The Norfolk Star ( Aplonis fusca , Syn .: Aplonis fuscus ) was described by John Gould in 1836 as a monotypical species of starling from Norfolk Island and Lord Howe Island . However, the Australian ornithologist Gregory Macalister Mathews recognized in 1928 that the plumage of the Lord Howe Island breed was browner and less gray than that of the Norfolk Island breed, and split Aplonis fuscus into the nominate form Aplonis fusca fusca (Norfolk Star) and the Subspecies Aplonis fusca hulliana ( Lord Howe Star ). With the islanders of Norfolk and Lord Howe they were called "roach" or "cúdgimarúk" after their call. Both races are extinct.

description

He reached a size of 20 cm.
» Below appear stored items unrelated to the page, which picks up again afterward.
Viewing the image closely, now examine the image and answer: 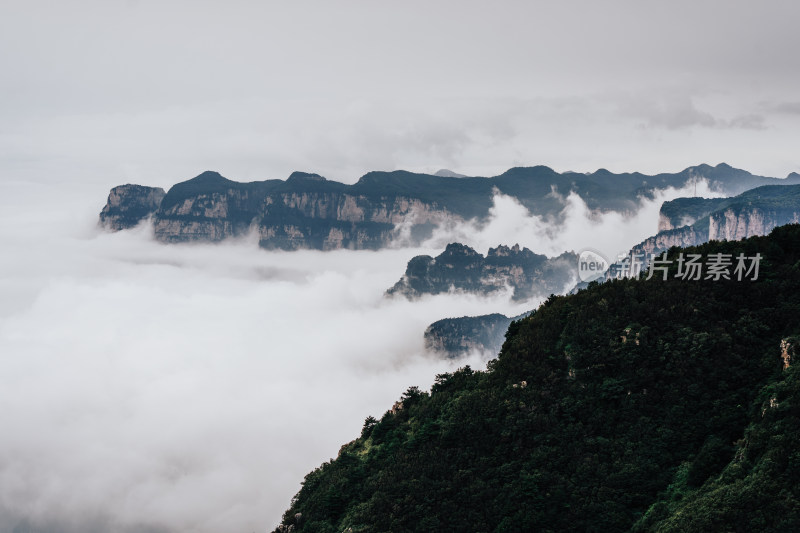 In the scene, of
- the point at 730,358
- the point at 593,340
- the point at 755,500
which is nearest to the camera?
the point at 755,500

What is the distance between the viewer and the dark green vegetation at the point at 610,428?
68.9 m

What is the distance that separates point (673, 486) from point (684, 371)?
1519 cm

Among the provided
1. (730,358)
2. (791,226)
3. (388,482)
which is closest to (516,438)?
(388,482)

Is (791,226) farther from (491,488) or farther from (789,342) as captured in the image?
(491,488)

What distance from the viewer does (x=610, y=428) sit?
3214 inches

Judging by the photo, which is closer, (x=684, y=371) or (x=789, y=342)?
(x=789, y=342)

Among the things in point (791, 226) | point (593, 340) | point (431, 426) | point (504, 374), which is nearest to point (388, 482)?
point (431, 426)

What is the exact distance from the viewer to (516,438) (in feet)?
273

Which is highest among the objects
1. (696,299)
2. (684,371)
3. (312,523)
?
(696,299)

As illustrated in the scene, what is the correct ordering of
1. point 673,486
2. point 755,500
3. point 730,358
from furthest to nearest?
point 730,358, point 673,486, point 755,500

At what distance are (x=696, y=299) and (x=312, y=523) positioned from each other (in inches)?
1914

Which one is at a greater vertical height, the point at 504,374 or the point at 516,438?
the point at 504,374

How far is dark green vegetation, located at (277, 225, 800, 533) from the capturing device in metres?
68.9

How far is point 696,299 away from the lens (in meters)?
90.7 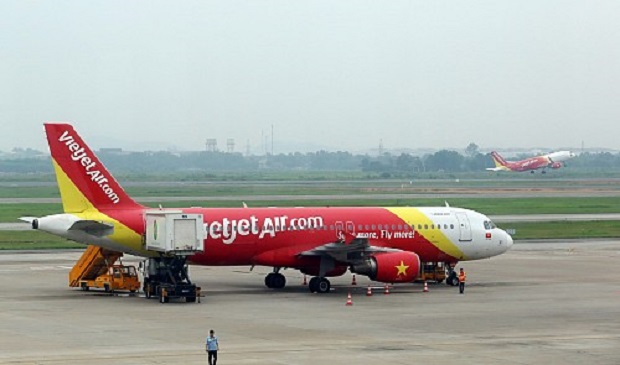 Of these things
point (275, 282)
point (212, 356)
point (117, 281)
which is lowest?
point (275, 282)

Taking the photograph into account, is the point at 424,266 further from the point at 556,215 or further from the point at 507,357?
the point at 556,215

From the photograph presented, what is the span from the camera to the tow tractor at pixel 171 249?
1994 inches

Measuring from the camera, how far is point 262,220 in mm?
55062

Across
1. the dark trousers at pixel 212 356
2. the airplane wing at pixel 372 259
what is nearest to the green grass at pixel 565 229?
the airplane wing at pixel 372 259

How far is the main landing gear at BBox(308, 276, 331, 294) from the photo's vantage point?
2148 inches

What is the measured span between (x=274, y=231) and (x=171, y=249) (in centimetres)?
587

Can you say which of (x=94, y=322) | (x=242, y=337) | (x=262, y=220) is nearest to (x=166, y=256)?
(x=262, y=220)

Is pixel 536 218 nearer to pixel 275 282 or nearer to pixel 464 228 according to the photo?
pixel 464 228

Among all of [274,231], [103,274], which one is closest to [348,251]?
[274,231]

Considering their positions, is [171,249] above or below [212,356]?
above

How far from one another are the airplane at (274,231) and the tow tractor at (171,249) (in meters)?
0.38

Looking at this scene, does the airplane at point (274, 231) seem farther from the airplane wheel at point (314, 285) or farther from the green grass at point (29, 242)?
the green grass at point (29, 242)

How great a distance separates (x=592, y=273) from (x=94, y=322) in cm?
2967

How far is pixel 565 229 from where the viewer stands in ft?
304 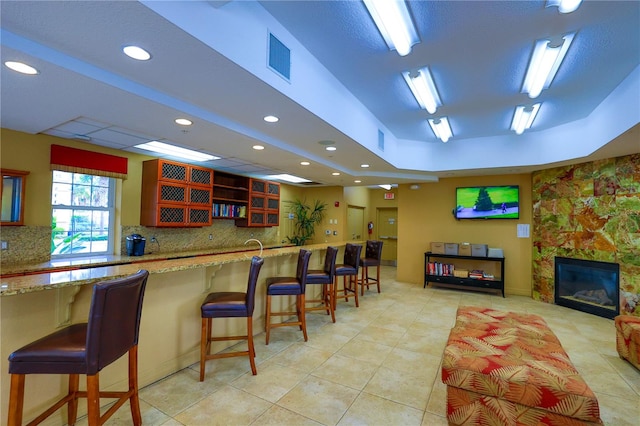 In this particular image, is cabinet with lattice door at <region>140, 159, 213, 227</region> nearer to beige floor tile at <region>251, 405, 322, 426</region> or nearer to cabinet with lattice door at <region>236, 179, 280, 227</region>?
cabinet with lattice door at <region>236, 179, 280, 227</region>

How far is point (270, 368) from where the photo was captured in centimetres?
278

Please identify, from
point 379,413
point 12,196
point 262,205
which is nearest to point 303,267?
point 379,413

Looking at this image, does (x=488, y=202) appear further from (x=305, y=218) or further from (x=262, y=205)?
(x=262, y=205)

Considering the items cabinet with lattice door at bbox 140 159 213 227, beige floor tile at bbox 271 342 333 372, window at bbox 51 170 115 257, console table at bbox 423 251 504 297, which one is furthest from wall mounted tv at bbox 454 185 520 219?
window at bbox 51 170 115 257

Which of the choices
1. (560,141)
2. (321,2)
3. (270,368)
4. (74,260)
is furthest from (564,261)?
(74,260)

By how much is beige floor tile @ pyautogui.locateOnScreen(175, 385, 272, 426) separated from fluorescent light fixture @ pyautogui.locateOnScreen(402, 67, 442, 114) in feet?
10.2

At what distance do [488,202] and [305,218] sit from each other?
4.47 m

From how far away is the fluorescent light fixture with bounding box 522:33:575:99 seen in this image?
7.83ft

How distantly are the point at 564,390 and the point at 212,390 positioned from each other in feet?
8.05

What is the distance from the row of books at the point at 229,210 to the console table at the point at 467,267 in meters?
4.08

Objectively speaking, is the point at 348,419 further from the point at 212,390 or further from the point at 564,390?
the point at 564,390

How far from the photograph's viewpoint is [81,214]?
4.23 m

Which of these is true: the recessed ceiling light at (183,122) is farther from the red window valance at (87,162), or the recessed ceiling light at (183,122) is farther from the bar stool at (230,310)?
the red window valance at (87,162)

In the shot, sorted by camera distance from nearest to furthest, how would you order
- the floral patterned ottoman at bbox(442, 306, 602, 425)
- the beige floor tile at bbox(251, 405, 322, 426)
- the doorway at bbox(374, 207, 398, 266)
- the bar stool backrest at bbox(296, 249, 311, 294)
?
1. the floral patterned ottoman at bbox(442, 306, 602, 425)
2. the beige floor tile at bbox(251, 405, 322, 426)
3. the bar stool backrest at bbox(296, 249, 311, 294)
4. the doorway at bbox(374, 207, 398, 266) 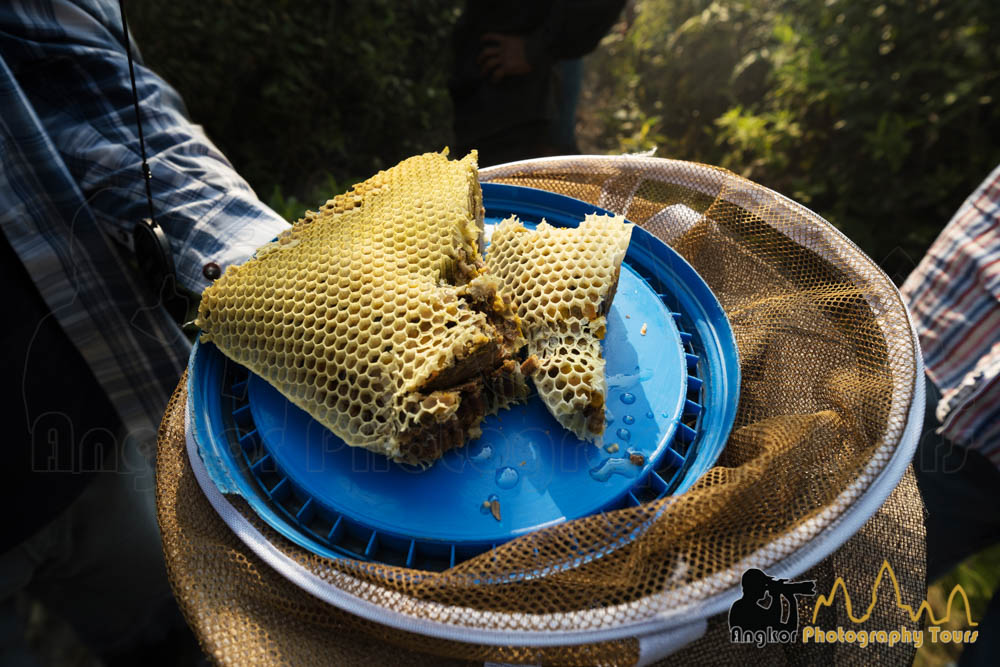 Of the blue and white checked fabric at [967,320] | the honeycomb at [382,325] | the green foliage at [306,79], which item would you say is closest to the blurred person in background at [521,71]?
the green foliage at [306,79]

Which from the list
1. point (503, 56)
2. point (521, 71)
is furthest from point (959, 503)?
point (503, 56)

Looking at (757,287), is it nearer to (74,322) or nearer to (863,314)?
(863,314)

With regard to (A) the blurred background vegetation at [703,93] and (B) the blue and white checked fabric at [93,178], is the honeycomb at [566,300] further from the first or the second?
(A) the blurred background vegetation at [703,93]

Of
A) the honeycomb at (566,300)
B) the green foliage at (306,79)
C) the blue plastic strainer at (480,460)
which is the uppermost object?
the honeycomb at (566,300)

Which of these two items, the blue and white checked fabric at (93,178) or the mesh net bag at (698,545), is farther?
the blue and white checked fabric at (93,178)

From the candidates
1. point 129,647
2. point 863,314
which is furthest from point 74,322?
point 863,314

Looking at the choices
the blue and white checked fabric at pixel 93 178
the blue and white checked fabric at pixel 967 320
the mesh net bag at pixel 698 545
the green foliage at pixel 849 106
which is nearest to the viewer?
the mesh net bag at pixel 698 545

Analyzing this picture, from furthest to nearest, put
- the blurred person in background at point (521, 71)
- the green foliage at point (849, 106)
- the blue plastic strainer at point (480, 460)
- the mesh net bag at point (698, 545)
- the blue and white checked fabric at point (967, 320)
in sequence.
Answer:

The wing length was 9.8 to 10.3 cm, the tail length 6.3 to 6.8 cm, the beak length 1.3 cm and the barrel 2.5 cm. It was generally grayish brown. The male was a shiny metallic green from head to throat. The back, the rump, the upper tail-coverts, the wing coverts and the underside were gray, but the lower tail coverts whitish. The beak was black and the eyes red-orange. The female was colored similar to the male. The greenish sheen was duller, however, and a gray throat contrasted with the light brown flanks. The lower breast was washed out in ocher. The belly and the underside of the tail were yellowish white.

die out

The reasons for its extinction are unclear. Overhunting and habitat destruction are believed to have played an important role. Reports that he, like his cousin from Lord Howe Island, were exterminated by rats are inaccurate, as there was a rat plague on Norfolk Island only in the 1940s. He died out in 1923.